La 1ère piste et le 1er qui s'est intéressé à ça, avant même que Galilée ne formule la chose, c'est Johannes Kepler.
C'est cet astronome célèbre, qui le premier a étudié l’hypothèse héliocentrique de Nicolas Copernic, affirmant que la Terre tourne autour du Soleil et surtout pour avoir découvert que les planètes ne tournent pas autour du Soleil en suivant des trajectoires circulaires parfaites mais des trajectoires elliptiques.
« Il a découvert les relations mathématiques (dites Lois de Kepler) qui régissent les mouvements des planètes sur leur orbite. Ces relations furent ensuite exploitées par Isaac Newton pour élaborer la théorie de la gravitation universelle ».
|
|
Kepler qui écrit ceci : « Que peut saisir l'esprit humain à part les nombres et les grandeurs ? »
Et en fait, il explique que le physicien va découper dans le réel ce qu'il pourra ensuite saisir par des lois mathématiques.
Et quand on lit sous sa plume que « La science ne vise jamais qu'à élaborer un modèle propre à éclairer l'intelligibilité du réel, et ce modèle n'est jamais qu'un modèle réduit », à ce titre, on pourrait presque dire que Kepler est une sorte de pionnier du réductionnisme, re-mdrrrrrr.
Et en fait, cette idée de Kepler, c'est Richard Feynman (prix Nobel de physique en 1965) qui va la reprendre à son compte au 20ème siècle, pour dire que « nous faisons de la physique mathématique faute de pouvoir faire mieux ».
Hé ! Bé ! Je ne sais pas si vous vous rendez compte mais ça chauffe toujours entre les physiciens, ils ne se reposent jamais. Et là, je ne vous raconte presque rien, prenez-le pour dit.
|
|
Parce qu'on pourrait penser que la physique mathématique c'est le summum de la connaissance, mais ce que dit Feynman, c'est non, c'est parce qu'on ne sait pas faire mieux tout simplement.
On est mutilé, et la physique mathématique correspond à la meilleure chose perfectionnée que nous puissions faire.
« La physique est mathématique, dit-il, non pas parce que nous en savons sur le monde physique mais au contraire parce que nous en savons fort peu.
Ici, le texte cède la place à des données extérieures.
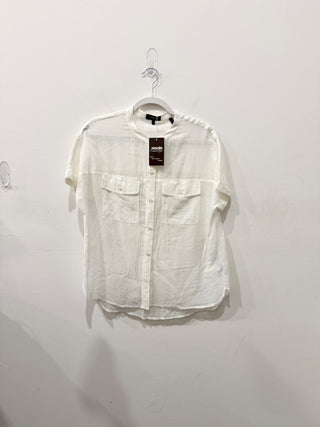 Theory 100% cotton semi sheer blouse top, S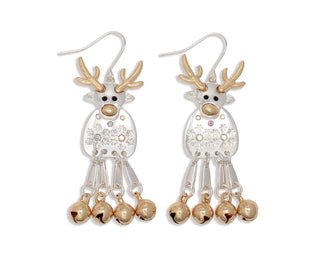 Two Tone Reindeer W Bell Legs Earrings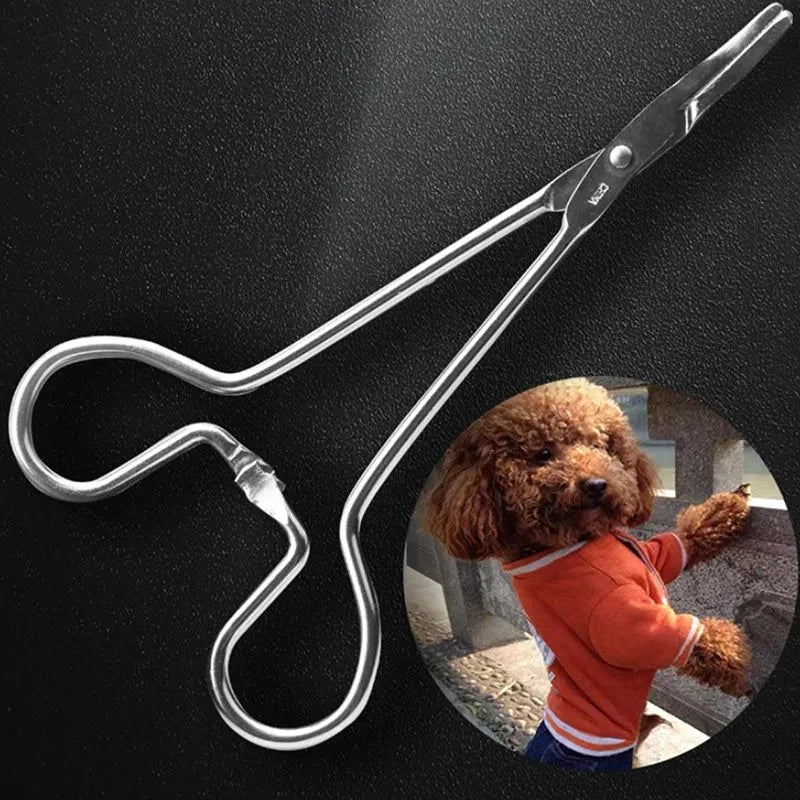 Silver stainless steel pet ear cleaning tweezers with anti-slip handle on a white background.
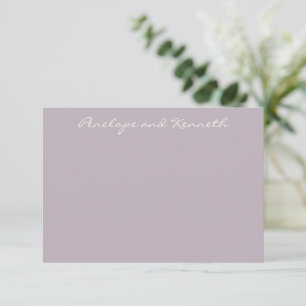 Modern Minimalist Lavender Purple Simple Cursive Thank You Card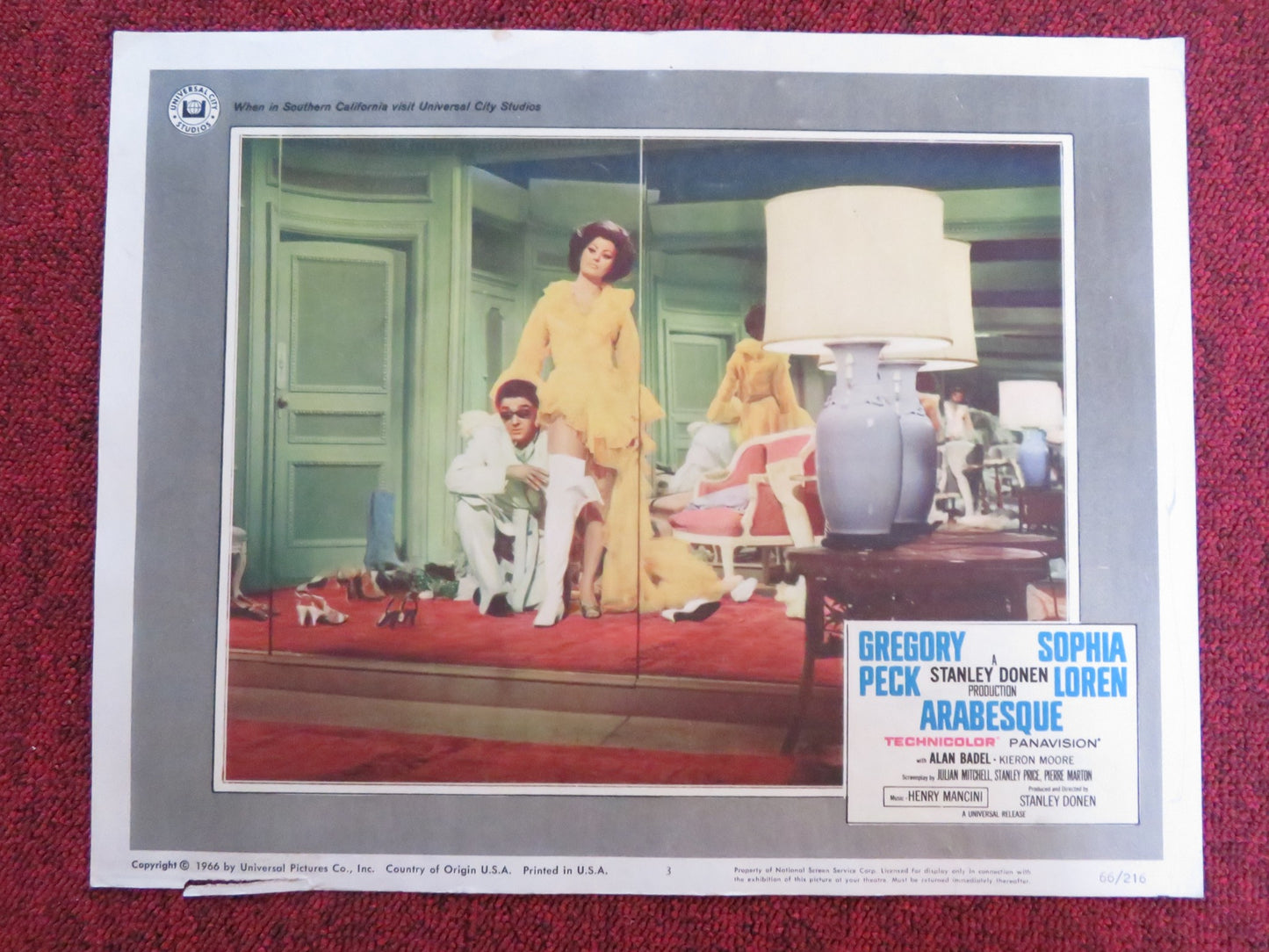 ARABESQUE US LOBBY CARD FULL SET GREGORY PECK SOPHIA LOREN 1966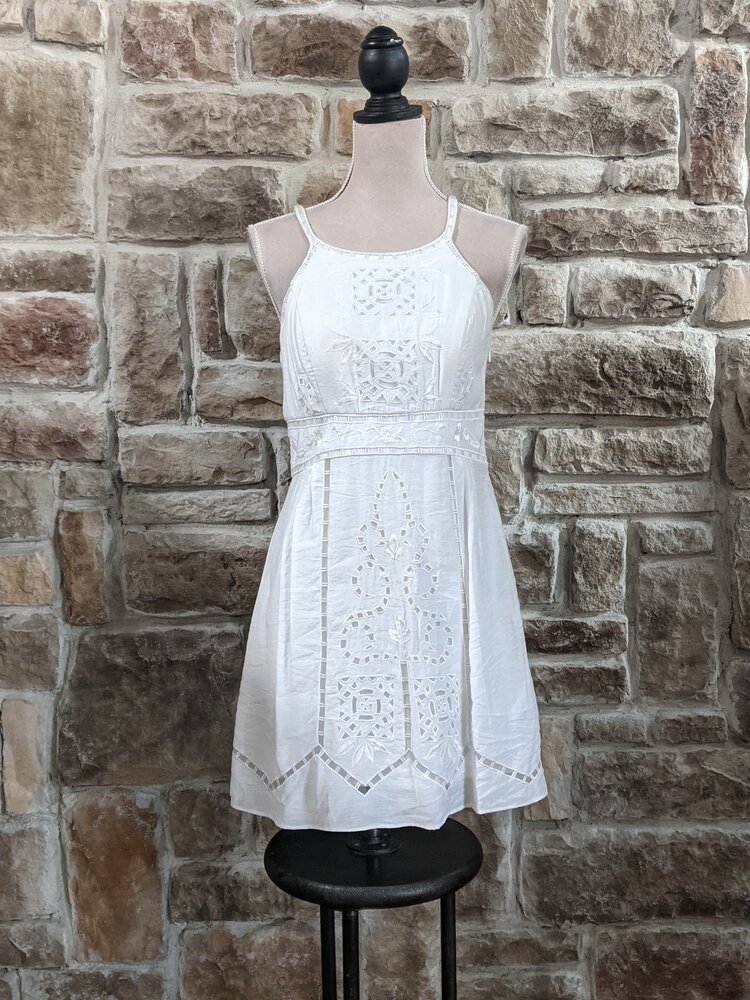 Sue Wong White Embroidered Cocktail Sundress, Size 8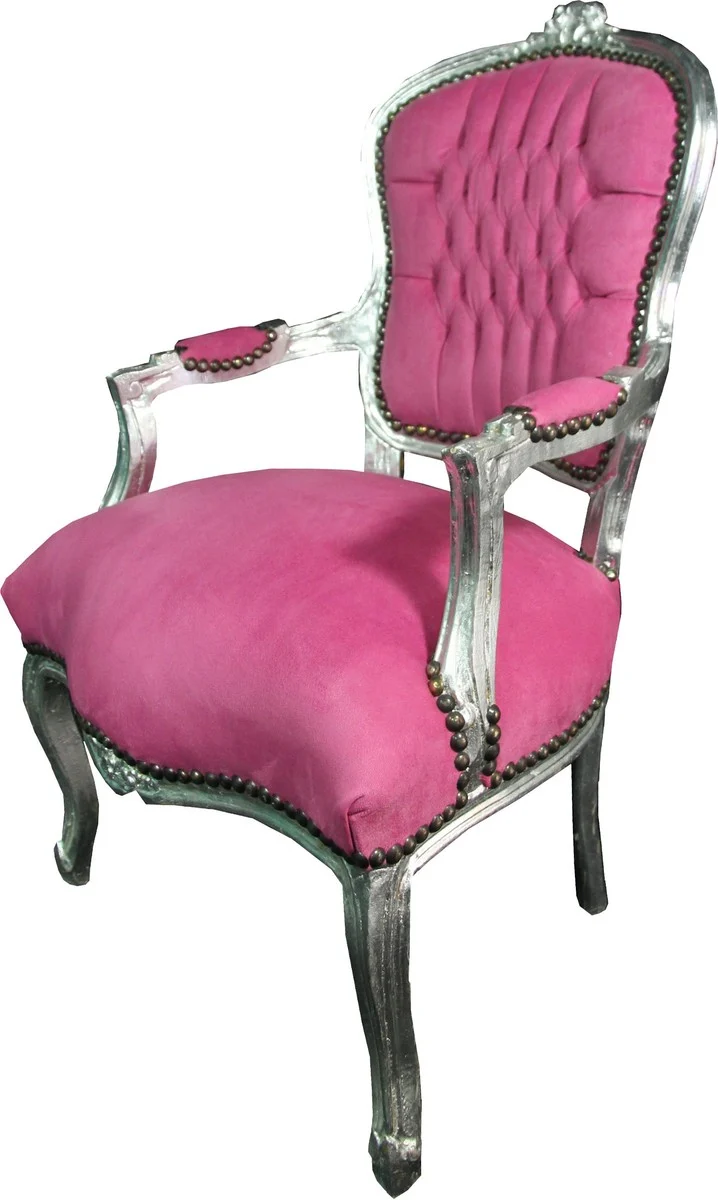 Casa Padrino Barock Salon Stuhl Rosa / Silber - Barock Antik Stil Möbel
Seuls les propriétés mathématiques du monde nous sont accessibles, et la puissance de la physique vient précisément de ce qu'elle a su limiter ses ambitions aux seules questions qui sont mathématisables ».
Ça, c'est une phrase extraordinaire « ... la puissance de la physique vient précisément de ce qu'elle a su limiter ses ambitions aux seules questions qui sont mathématisables » !
Limiter ses ambitions...Pour ne pas se perdre...A méditer...
|
|
Richard Phillips Feynman (1918-1988) est un physicien américain, l'un des plus influents de la seconde moitié du xxe siècle, en raison notamment de ses travaux sur l'électrodynamique quantique, les quarks et l'hélium superfluide.
Il reformula entièrement la mécanique quantique à l'aide de son intégrale de chemin qui généralise le principe de moindre action de la mécanique classique et inventa les diagrammes qui portent son nom et qui sont désormais largement utilisés en théorie quantique des champs (dont l'électrodynamique quantique fait partie).
Pendant la Seconde Guerre mondiale, il fut impliqué dans le développement de la bombe atomique américaine. Après la Seconde Guerre mondiale, il enseigna à l'université Cornell puis au Caltech où il effectua des travaux fondamentaux notamment dans la théorie de la superfluidité et des quarks.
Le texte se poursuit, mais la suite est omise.